Only the stretch below from the line holding "The Samsung Galaxy" through the line holding "What is up guys?" should be restated, word for word and with both ends included; pictures stay out.

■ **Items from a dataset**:
==============================
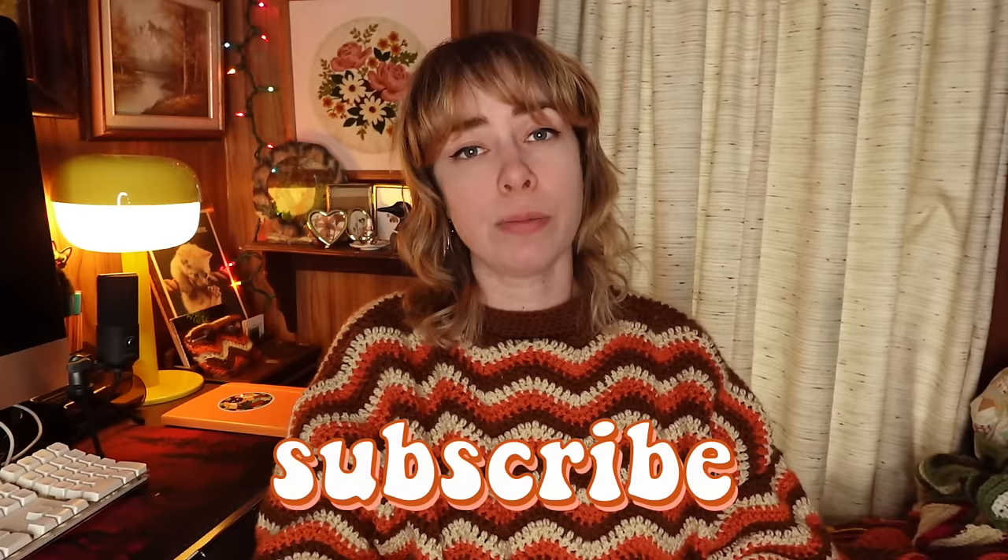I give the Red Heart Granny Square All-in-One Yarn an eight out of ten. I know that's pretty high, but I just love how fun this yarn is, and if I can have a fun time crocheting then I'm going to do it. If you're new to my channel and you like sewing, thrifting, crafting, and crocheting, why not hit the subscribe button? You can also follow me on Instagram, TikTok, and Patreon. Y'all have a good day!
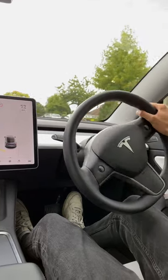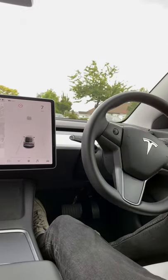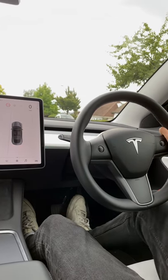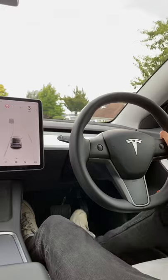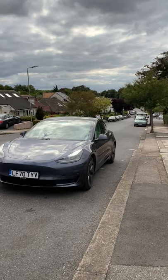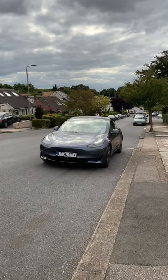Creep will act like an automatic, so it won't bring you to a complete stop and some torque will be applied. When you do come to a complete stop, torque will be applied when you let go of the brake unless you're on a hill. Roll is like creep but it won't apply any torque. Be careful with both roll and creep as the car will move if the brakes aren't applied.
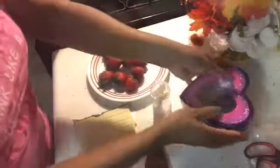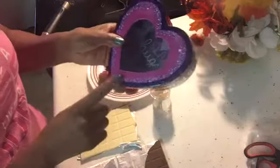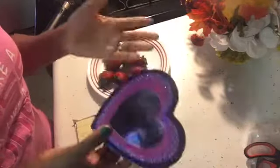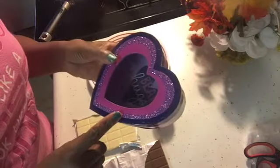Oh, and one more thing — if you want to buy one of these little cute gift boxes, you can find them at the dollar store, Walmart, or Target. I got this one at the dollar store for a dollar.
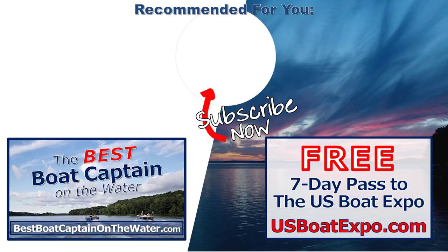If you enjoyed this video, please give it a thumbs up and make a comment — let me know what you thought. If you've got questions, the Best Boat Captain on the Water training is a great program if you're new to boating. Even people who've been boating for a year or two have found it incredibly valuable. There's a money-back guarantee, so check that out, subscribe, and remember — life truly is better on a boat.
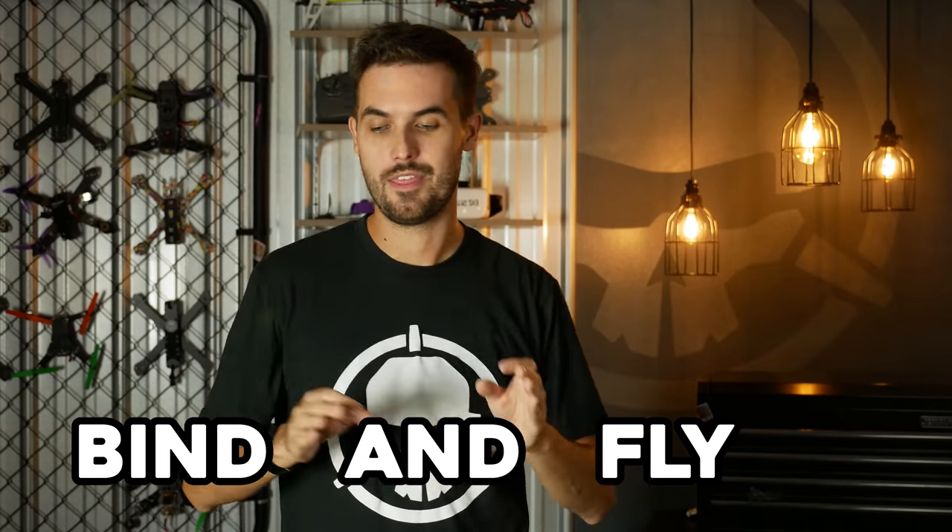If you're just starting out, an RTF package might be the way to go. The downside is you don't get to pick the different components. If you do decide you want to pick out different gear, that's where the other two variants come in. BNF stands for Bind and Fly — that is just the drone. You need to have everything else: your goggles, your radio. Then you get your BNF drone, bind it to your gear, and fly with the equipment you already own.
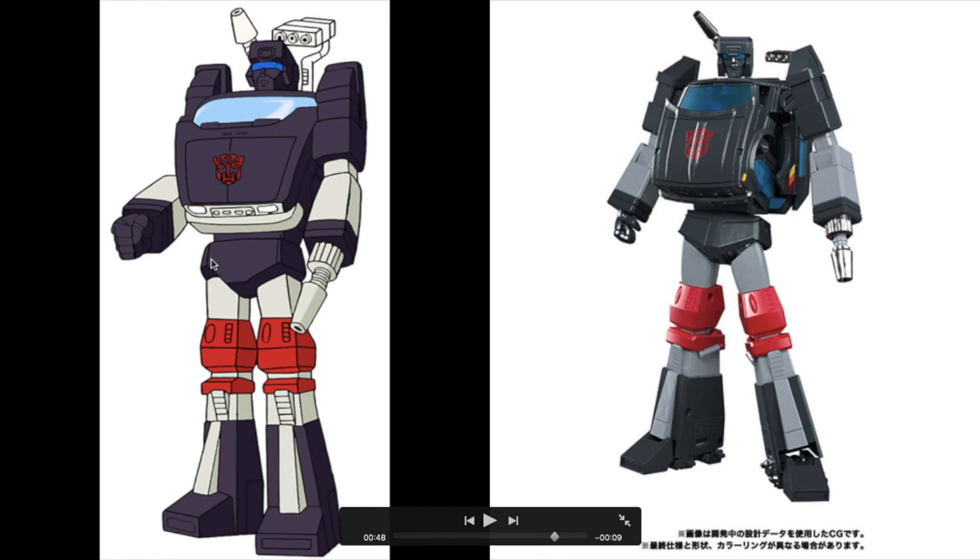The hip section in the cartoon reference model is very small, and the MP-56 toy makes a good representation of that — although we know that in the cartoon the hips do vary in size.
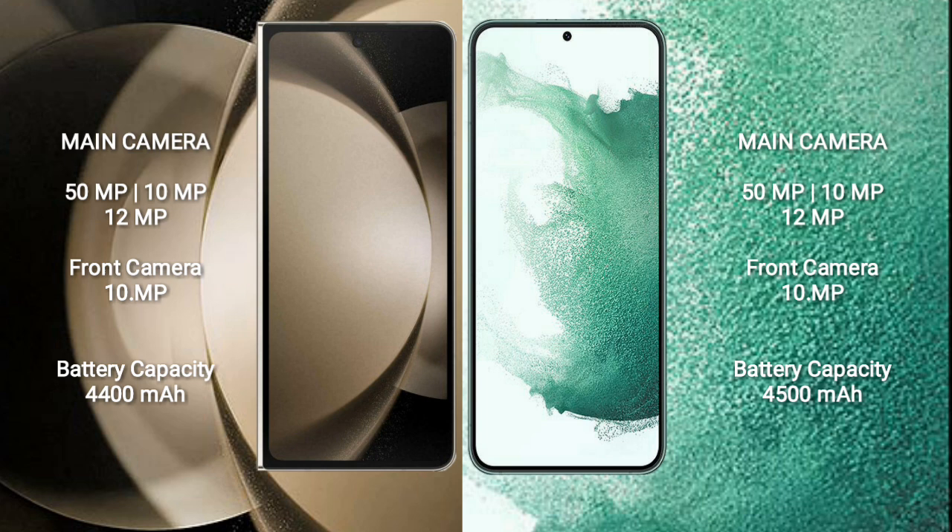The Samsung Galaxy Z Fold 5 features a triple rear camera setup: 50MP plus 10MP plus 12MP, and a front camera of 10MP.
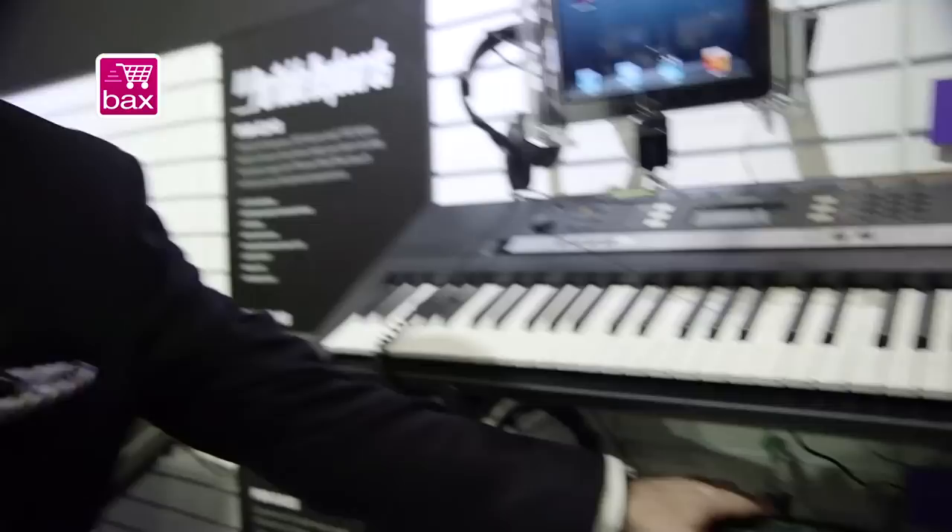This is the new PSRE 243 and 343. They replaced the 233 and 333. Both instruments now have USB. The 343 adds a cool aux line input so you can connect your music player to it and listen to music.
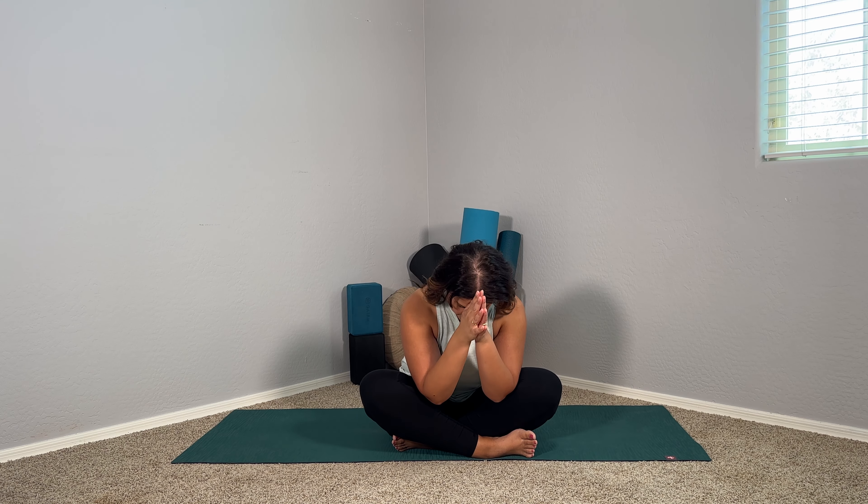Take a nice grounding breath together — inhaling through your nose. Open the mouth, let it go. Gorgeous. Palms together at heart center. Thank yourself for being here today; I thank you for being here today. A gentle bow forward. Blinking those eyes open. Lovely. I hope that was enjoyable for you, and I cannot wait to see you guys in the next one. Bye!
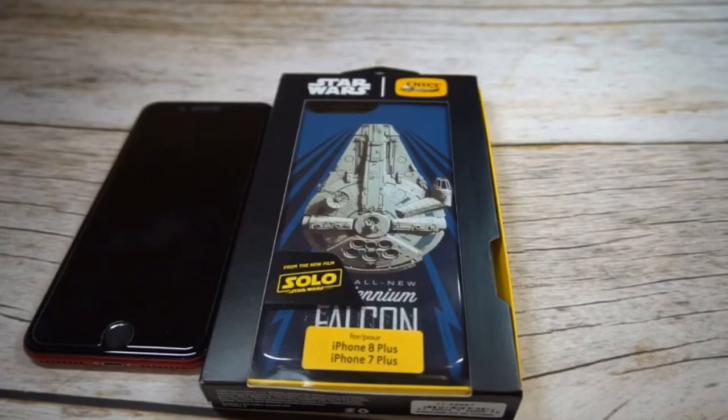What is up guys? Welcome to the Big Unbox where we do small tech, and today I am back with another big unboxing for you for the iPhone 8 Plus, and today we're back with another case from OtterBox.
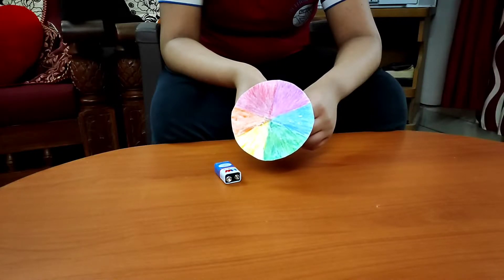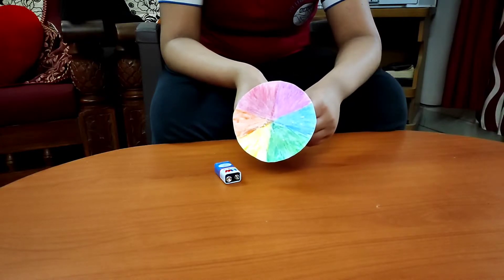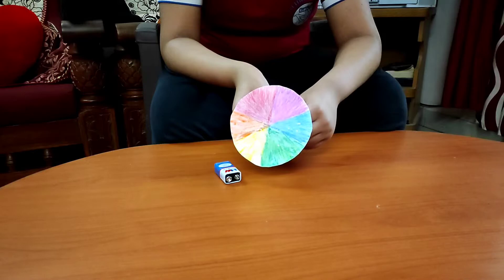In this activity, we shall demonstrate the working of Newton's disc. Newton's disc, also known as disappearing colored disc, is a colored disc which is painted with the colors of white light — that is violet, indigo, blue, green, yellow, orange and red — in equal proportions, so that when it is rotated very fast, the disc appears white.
==============================
■ **THE ANSWER**:
The Samsung Galaxy Z Fold 5 features a triple rear camera setup: 50MP plus 10MP plus 12MP, and a front camera of 10MP.
This is the new PSRE 243 and 343. They replaced the 233 and 333. Both instruments now have USB. The 343 adds a cool aux line input so you can connect your music player to it and listen to music.
Take a nice grounding breath together — inhaling through your nose. Open the mouth, let it go. Gorgeous. Palms together at heart center. Thank yourself for being here today; I thank you for being here today. A gentle bow forward. Blinking those eyes open. Lovely. I hope that was enjoyable for you, and I cannot wait to see you guys in the next one. Bye!
What is up guys? Welcome to the Big Unbox where we do small tech, and today I am back with another big unboxing for you for the iPhone 8 Plus, and today we're back with another case from OtterBox.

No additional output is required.